 Respeaking is a quick writing technique to transcribe, reformulate or translate an oral text while it is pronounced thanks to the ASR (automatic speech recognition) technology. The ASR technology transforms everything the respeaker dictates to the microphone into written words. This technology offers a wide range of applications: from real-time intralingual and interlingual subtitling of television, cinema and radio products to the transcription of university lectures and conferences as well as the minuting of criminal trials, town council meetings and board meetings.

 The respeaking technique is different from any other subtitling technique because it is based on the respeaker’s oral production of a mid-text (MT) which will then be transcribed by the TAL software (Automatic Language Treatment). The respeaker listens and looks at the source text (ST), reformulates it, translates it or repeats it orally, thus creating a MT1 for the machine, which, by means of suitable software, processes and transforms the vocal input into electronic subtitles (MT2) which shall then be verified, corrected if necessary and transmitted to the TV screens (TT). There is obviously a slight drawback: 2 seconds (with no correction) to 8 seconds are necessary for the respeaker to perceive, receive and understand the ST, to mentally process it so as to produce the MT1, for the human-machine interaction, for the transmission from one software to the other, for the control and, if necessary, correction of the transcription and for the actual transmission of the subtitles, thus causing a delay between the production of the ST and the display of the relevant subtitles.

 From a practical point of view, respeaking follows this process: 



 The respeaker usually works in soundproof booths and must be ready to subtitle any kind of program, with different speeds of speech and different technical terminology. If the program to be subtitled lasts longer than a working turn (from 15 to 40 minutes, depending on the respeaker’s experience and on the type of program) or is particularly complicated (discussions, parliamentary debates, etc.), two respeakers work together taking turns or ‘dividing’ the speakers. Thanks to modern technology, the respeaker has no need to be present where the program is shot and can even work from home.

 From a psycho-cognitive perspective, respeaking requires deep concentration, the ability to work under stress and the right amount of resolution not to give up in front of results which are inevitably imperfect. The respeaker has to carry out various activities at the same time:

  • continuously monitor the video to check that the delayed display of subtitles does not affect the communicative efficacy of the TT. If this is the case, special strategies, such as clarification, shall be used;
  • listen to the audio and understand a text s/he’s never heard before (in some cases the respeaker can see the program in advance, but there is no time to prepare pre-recorded subtitles) and which is not always predictable;
  • dictate to the machine a clear and recognizable MT1 resulting from the reformulation, repetition or translation of the ST, while bearing in mind that the TT shall be fully comprehensible to the audience and possibly contain no mistake;
  • check and, if necessary, correct the MT2 before transmitting it (this is not necessary if the respeaker works with an editor or if the subtitling company immediately broadcasts the subtitles the way they are recognized by the machine);
  • transmit the subtitles (not necessary if there is an editor or if the option ‘automatic transmission’ is selected).

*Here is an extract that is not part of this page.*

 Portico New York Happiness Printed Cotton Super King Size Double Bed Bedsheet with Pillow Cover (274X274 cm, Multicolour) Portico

 More in detail, the respeaker’s psycho-cognitive efforts comprise the following:

- the immediate conversion of an oral text into one which will be written: time constraints and the requests of the deaf associations advocate verbatim subtitles (for intralingual subtitling). However, the conversion from oral to written inevitably entails an adjustment of the text, for which the above listed tactics shall be taken into account to generate the desired final product. All this shall be done while listening to the original speech, monitoring the video and observing the processing limits of the machine to avoid a system overload;

- good use of the software and of the peripheral devices (microphone, earphones, keyboard in case the text shall be corrected, etc.);

- the regulation of one’s voice volume and pitch, a good pronunciation, clear and precise articulation and enunciation of words, the use of short pauses, etc., to ensure a good human-machine interaction;

- the use of easily recognizable terms and the pre-editing of mistakes which could occur due to limitations of the software (homonyms, homophones, similar and/or unknown words, etc.);

- the ability to cope with the stress and frustration due to mistakes made and/or to poor solutions found;

- the coordination with other professionals, such as the editor or other respeakers with whom one works in turns;

- in interlingual respeaking, the transfer between different languages and cultures.

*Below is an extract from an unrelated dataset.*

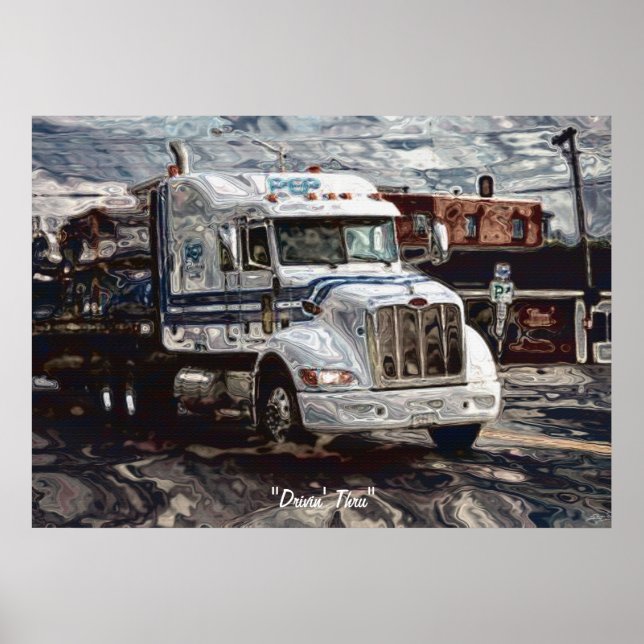 Das Art Poster des Big Rig White Freight Truck Fah (Vorne)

 If these routine activities were accompanied by the continuous verification of the transcribed text, the post-editing correction of mistakes, the manual transmission of subtitles and the check of the final product, the psycho-cognitive stress would be huge and would increase the number of mistakes made by the respeaker. The more mistakes are made, the bigger the stress and frustration due to the poor results achieved; this affects concentration, causing even more mistakes. This is why the presence of an editor is deemed necessary.